# Smartmon "best practices"

## depontius

I've been running smartmon for years, but with a simple "/dev/hda -a" for a configuration. Other than spew into my logs, which I do glance/grep at more than occasionally, this doesn't really do spit. Recently I tried RTFM, so I've moved to "/dev/hda -a -o on -S on -s (S/../.././14|L/../../6/15) -m addr@work,addr@home"

I suspect this is better, but looks as if it will really only email failing self-tests. I suspect I also want email of prefail attributes that are approaching the threshold value, or some such. I've noticed over time that the attributes tend to oscillate a few lsb, but tend to not really move, or at least only move very slowly.

ISTHERE a "best practices" suggested smartd.conf that would be recommended for ordinary usage in home desktops and servers?

----------

## danja

Hi there, 

after we've witnessed the death of 4 out of 5 raid0 drives at the place I work last week, I rushed to install smartd on my home server that holds nearly a terabyte on JBOD. I was wondering around with the question similar to yours and found this nice blog entry - http://scottstuff.net/blog/articles/tag/smart , not that it's somewhat noble but it pushed me towards watching and organizing my logging system, especially the precious smartd messages.

My configuration is a pure mixup of disks and hardware, where:

/dev/hdg, /dev/hde are sittin on Promise PDC20269 (PCI card)

/dev/hda, /dev/hdc on VIA vt8233 (mobo built on)

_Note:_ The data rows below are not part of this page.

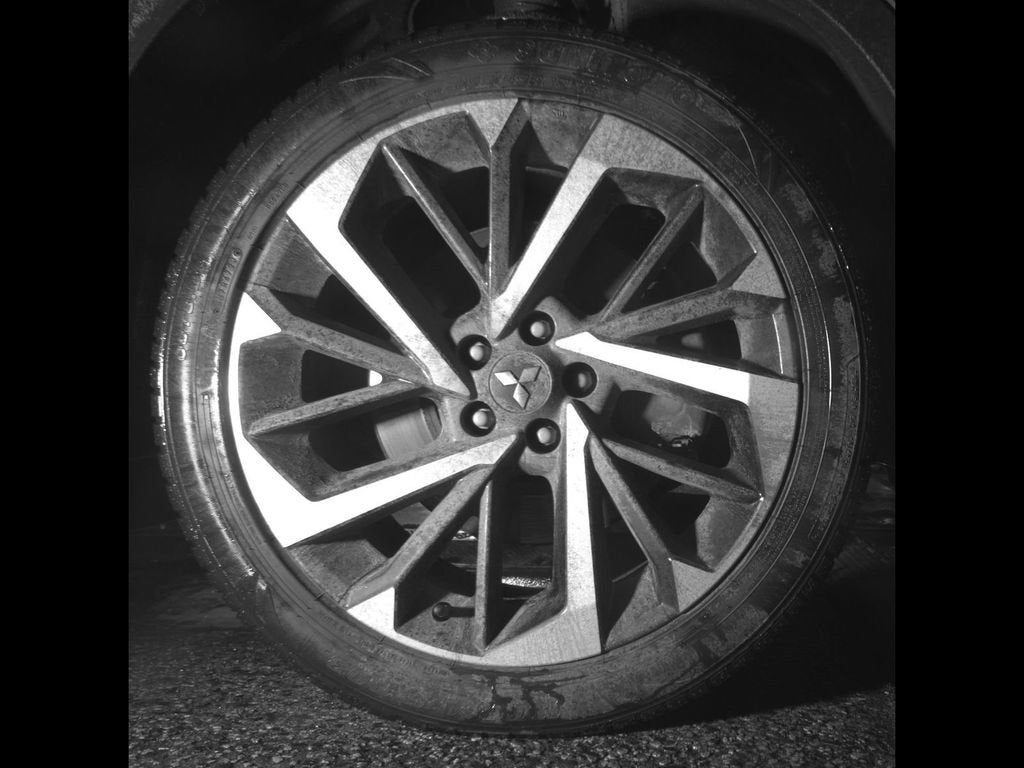 2022 Mitsubishi Outlander ES 2.5 S-AWC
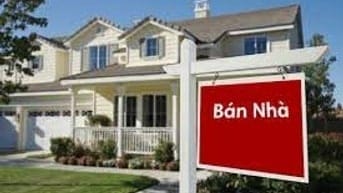 BÁN NHÀ xây khung bê tông đường Hoàng Hoa Thám, 31m2x 4 tầng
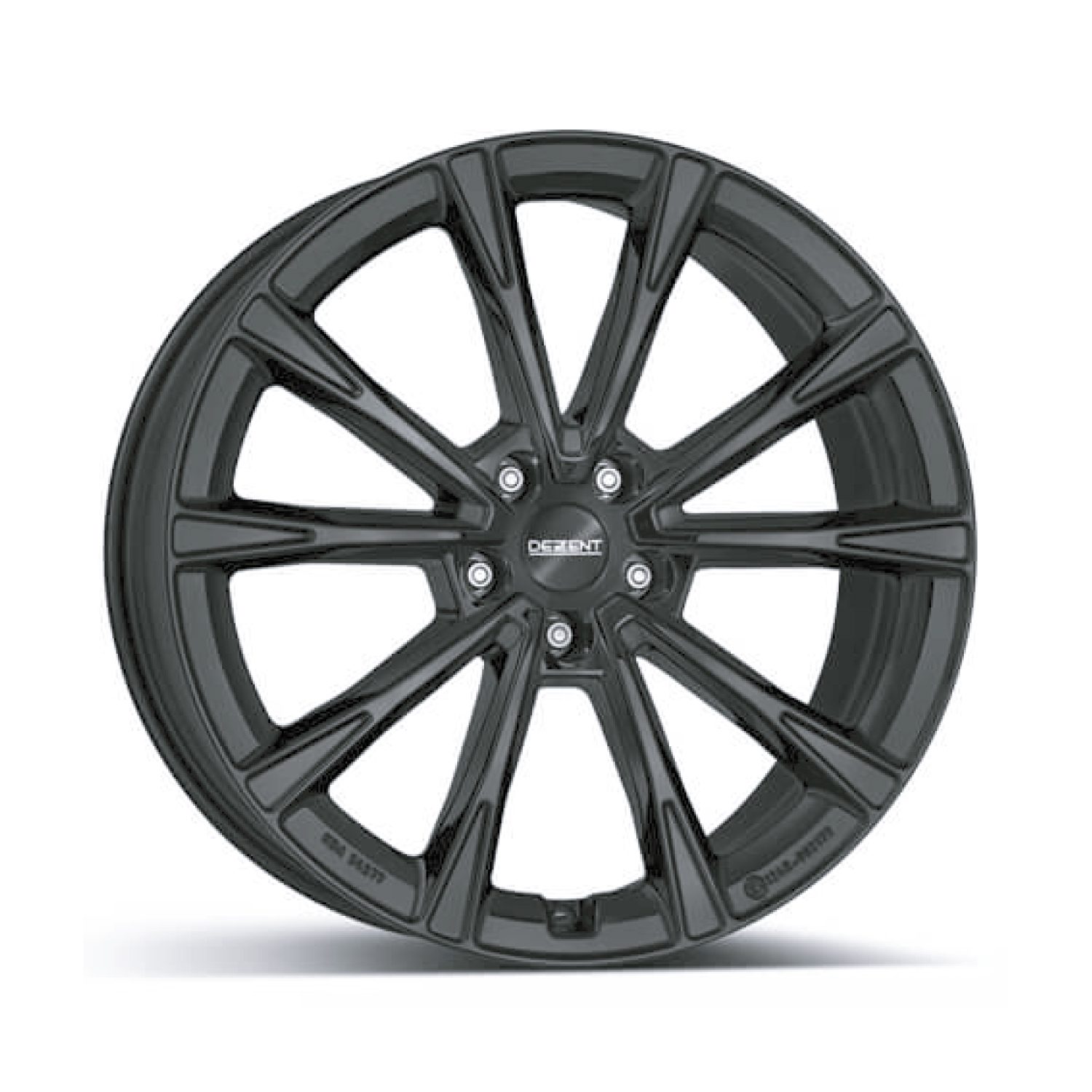 AR BLACK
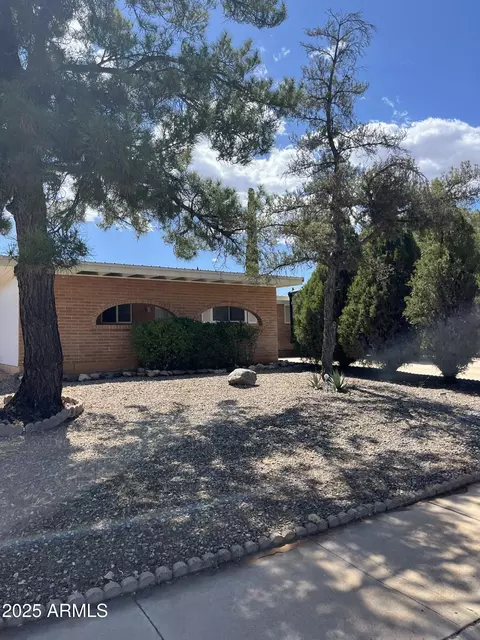 1680 Andrea Dr, Sierra Vista, AZ 85635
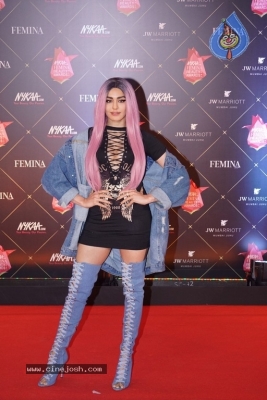 Bollywood Celebs At Femina Beauty Awards 2018 - 34 of 45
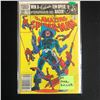 Image 1 : THE AMAZING SPIDER-MAN #225 (MARVEL COMICS)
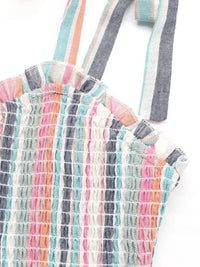 Contrast Striped Square Neck Cami Dress - Update AvenueEffortless Elegance: DressesTrendsi100100792981122100100792981122523affda - 96ce - 4c0a - 8ba7 - bc7c329bb5b7 - Max - OriginStripe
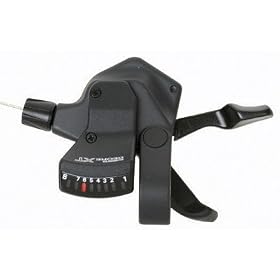 Shimano HB SL-M740 DXT 3x8sp Mountain Bike Shifter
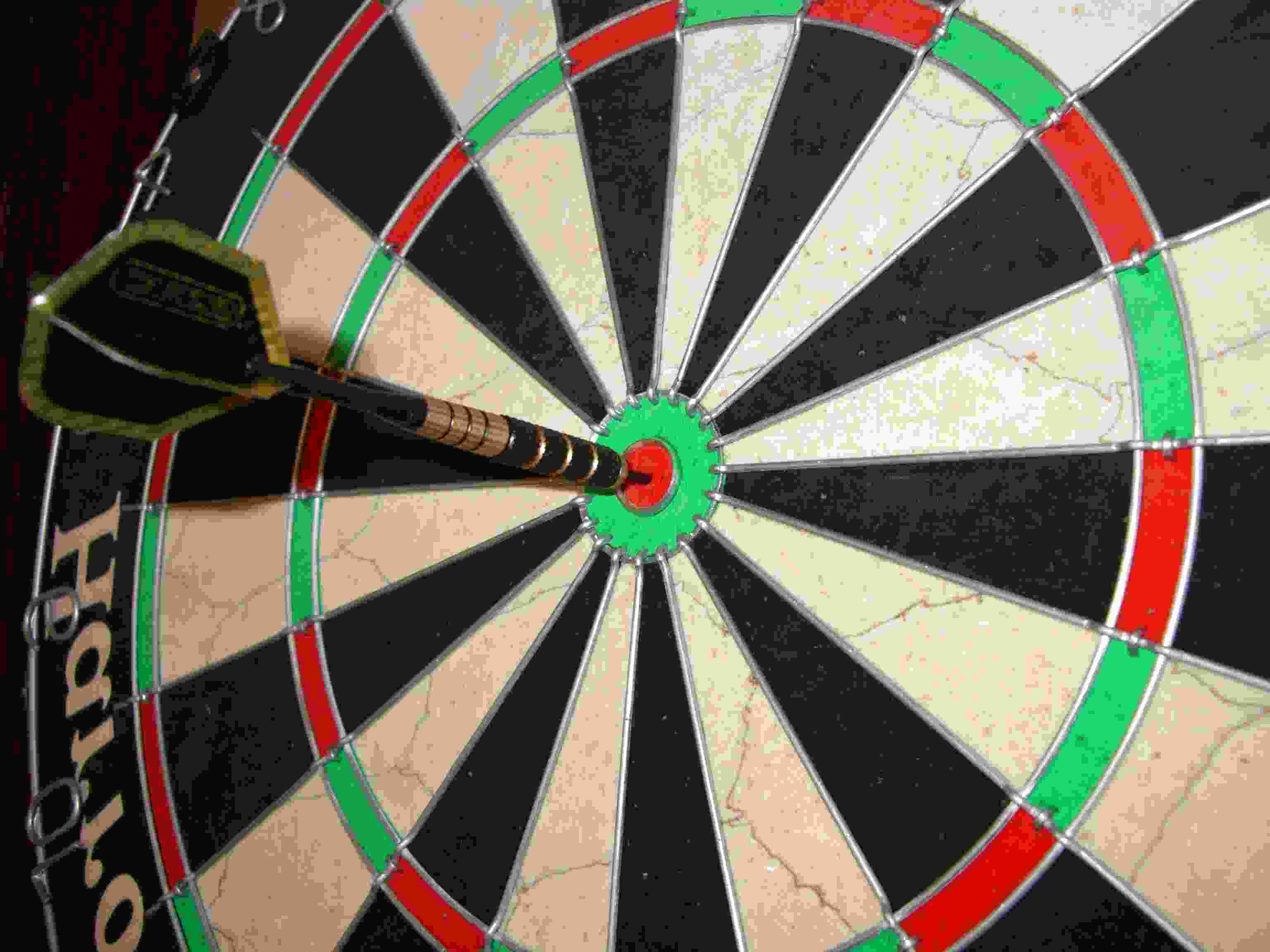 Bullseye Darts for sale in UK | 64 used Bullseye Darts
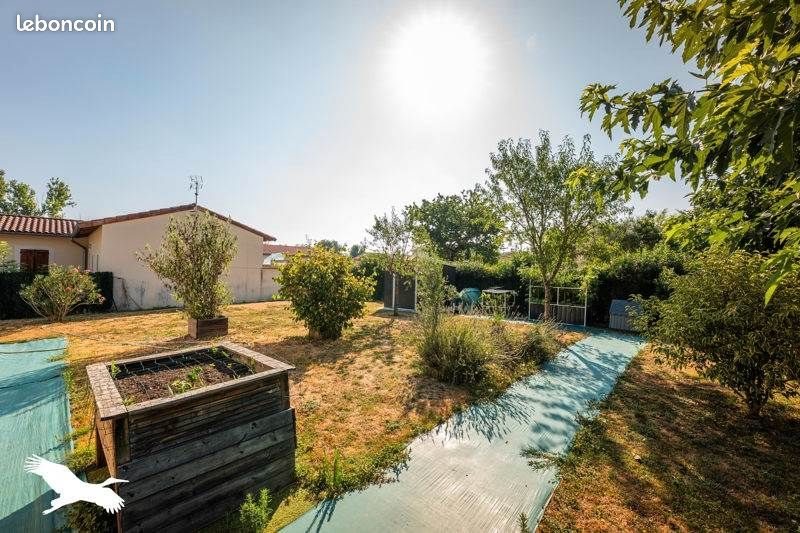 Maison à vendre, 100m², Longages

/dev/sda, /dev/sdb on SiI 3112 (PCI card)

further

/dev/md0 consists of /dev/hdg /dev/hde

/dev/md1 of /dev/sda /dev/sdb /dev/hdc

and /dev/hda is the system disk.

mostly WD drives plus one Maxtor and one Seagate

After all tinkering I came up with quite paranoid /etc/smartd.conf, consisting of mostly same parameters for all the drives which I took from example code of /etc/smartd.conf itself.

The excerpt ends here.